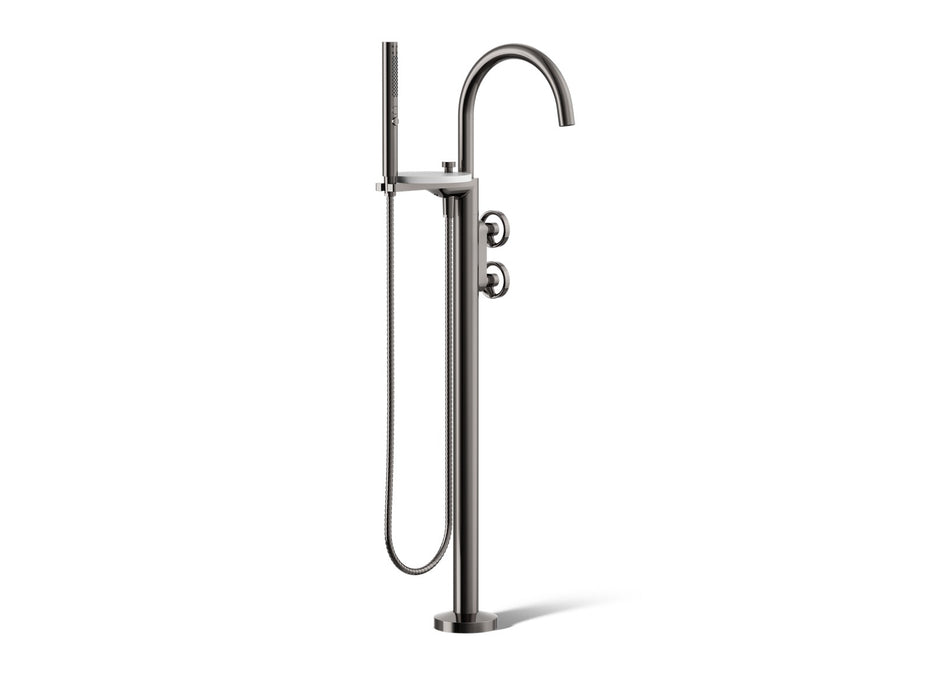 KOHLER K-T77984-9 Components Floor-mount bath filler trim with industrial handles and handshower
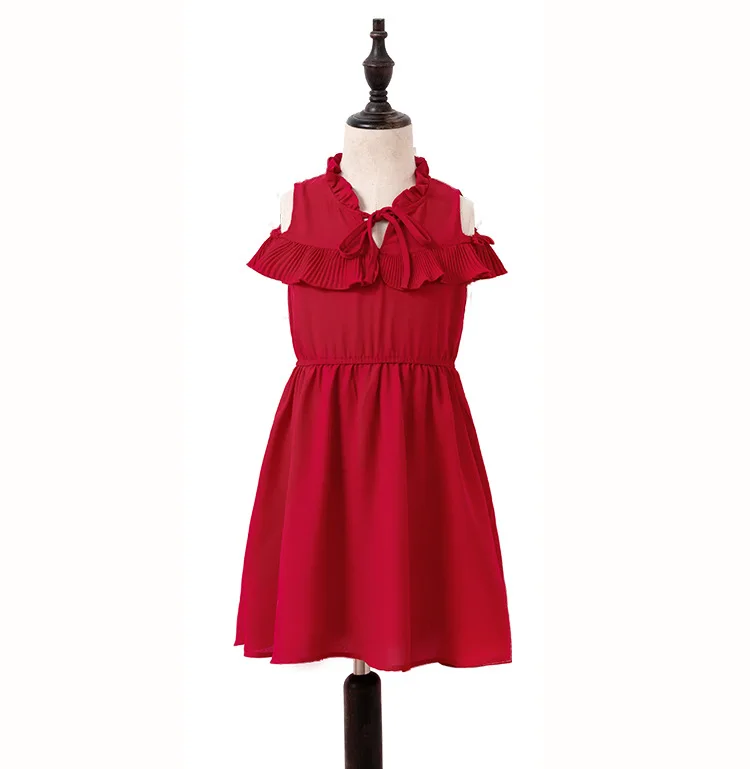 Новейшее модное летнее платье для маленьких девочек однотонное кружевное с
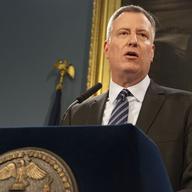 Mayor Bill de Blasio speaks at a press conference about Myls Dobson on January 17th.
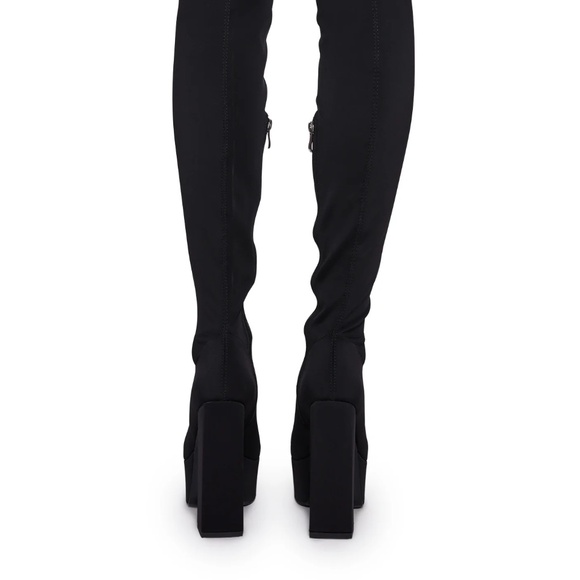 AZALEA WANG - BLACK THIGH HIGH BOOTS- SIZE 9/10 - Picture 3 of 9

——

Requirement:
The expected output is the material above, repeated exactly and free of pictures.

Output for this exercise:
 KOHLER K-T77984-9 Components Floor-mount bath filler trim with industrial handles and handshower
 Новейшее модное летнее платье для маленьких девочек однотонное кружевное с
 Mayor Bill de Blasio speaks at a press conference about Myls Dobson on January 17th.
 AZALEA WANG - BLACK THIGH HIGH BOOTS- SIZE 9/10 - Picture 3 of 9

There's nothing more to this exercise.